:: Description of the task ::
Faithfully repeat each entry below, minus the pictures.
================================
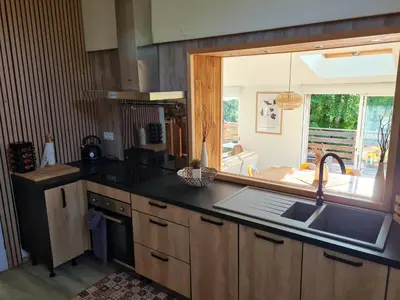 Cuisine ou kitchenette dans l'établissement La Maison des 4 moineaux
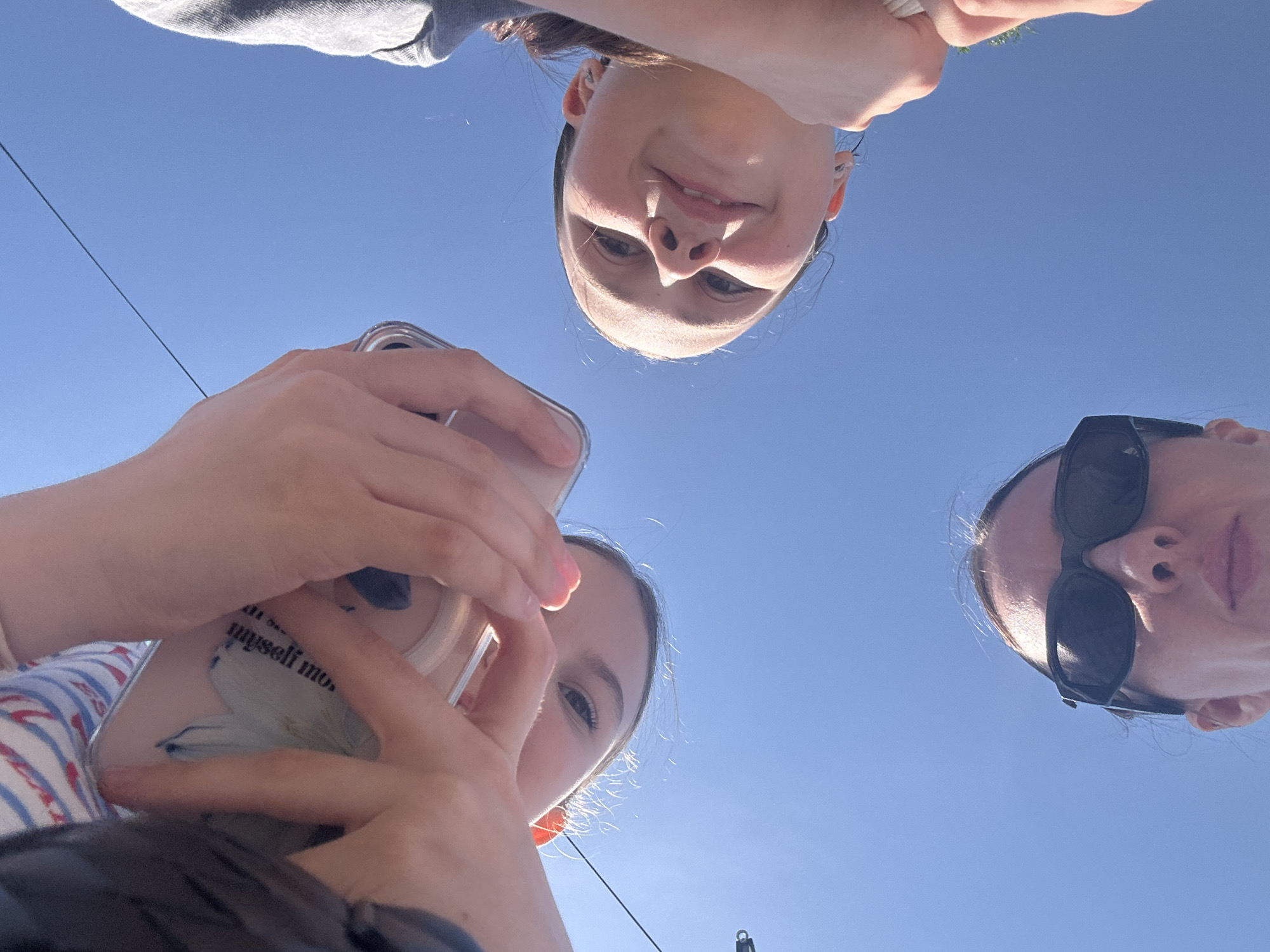 Three young women are positioned in a circle, looking down at the camera. One woman is holding a phone, the case of which has text visible. The background is a clear blue sky. The location is indeterminate; there is no evidence to support the location being Votkinsk, Russia.
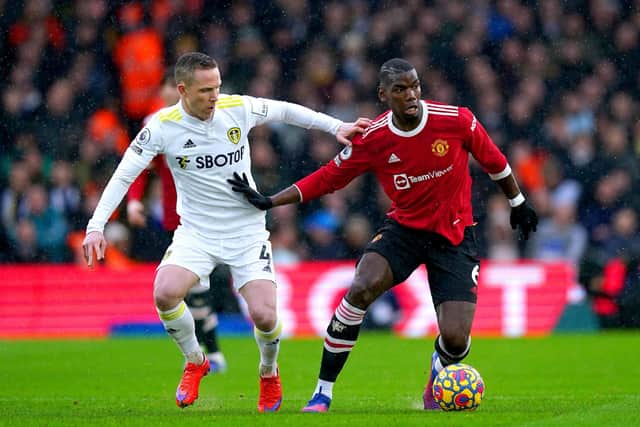 Leeds United man-of-the-match contender Adam Forshaw (left) tussles with Manchester United's Paul Pogba. Picture: Mike Egerton/PA Wire.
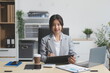 © Kansuda - Successful Asian businesswoman smiling using laptop computer and holding coffee cup at office. Confident Asia businesswoman sitting happily in the office.
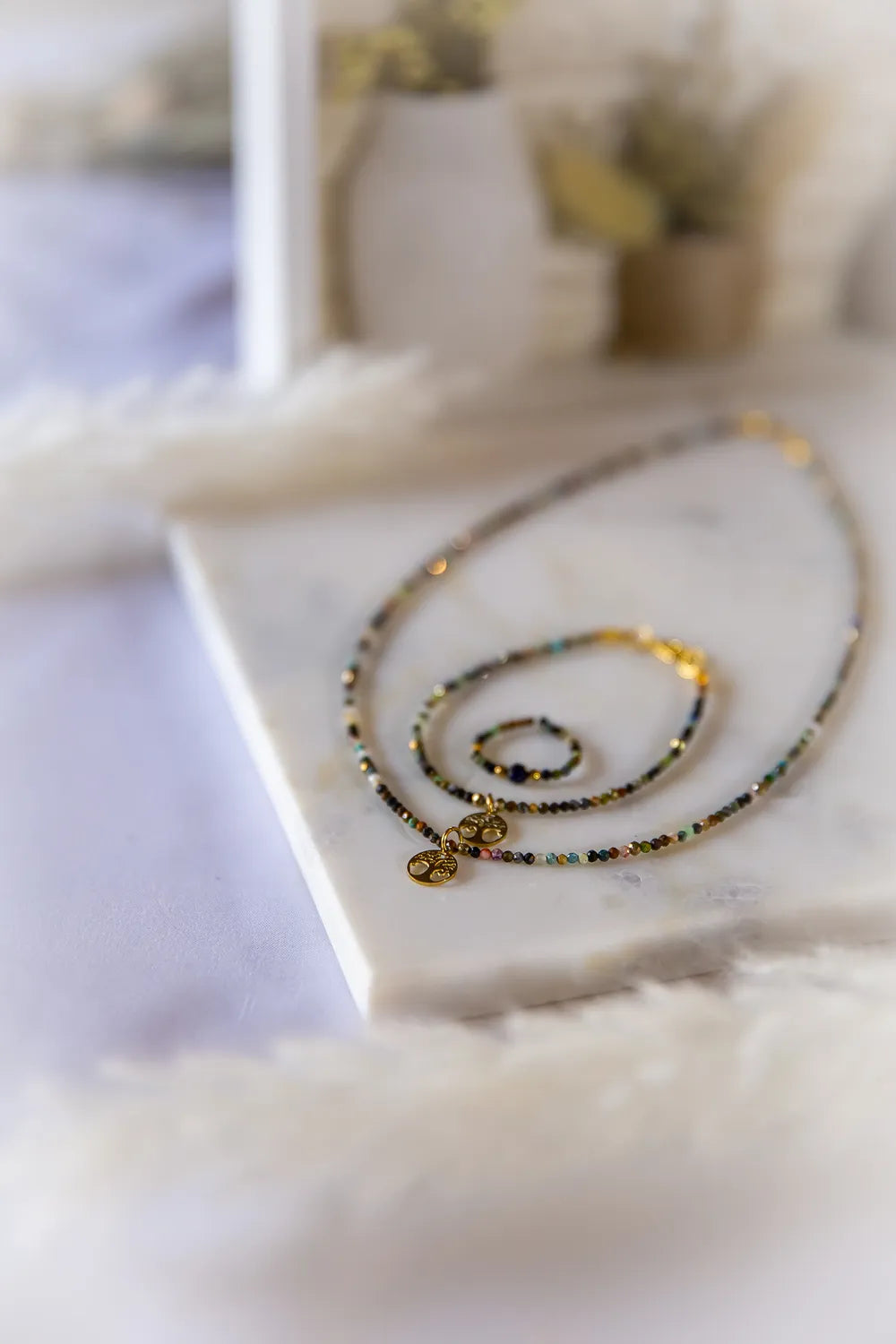 Tęczowa Harmonia Turmalin Drzewko Szczęścia: naszyjnik i pierścionek z kamieni turmalinowych na marmurowej podstawie, ozdobione złotymi zawieszkami Drzewka Szczęścia.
================================
:: Output for this task ::
 Cuisine ou kitchenette dans l'établissement La Maison des 4 moineaux
 Three young women are positioned in a circle, looking down at the camera. One woman is holding a phone, the case of which has text visible. The background is a clear blue sky. The location is indeterminate; there is no evidence to support the location being Votkinsk, Russia.
 Leeds United man-of-the-match contender Adam Forshaw (left) tussles with Manchester United's Paul Pogba. Picture: Mike Egerton/PA Wire.
 © Kansuda - Successful Asian businesswoman smiling using laptop computer and holding coffee cup at office. Confident Asia businesswoman sitting happily in the office.
 Tęczowa Harmonia Turmalin Drzewko Szczęścia: naszyjnik i pierścionek z kamieni turmalinowych na marmurowej podstawie, ozdobione złotymi zawieszkami Drzewka Szczęścia.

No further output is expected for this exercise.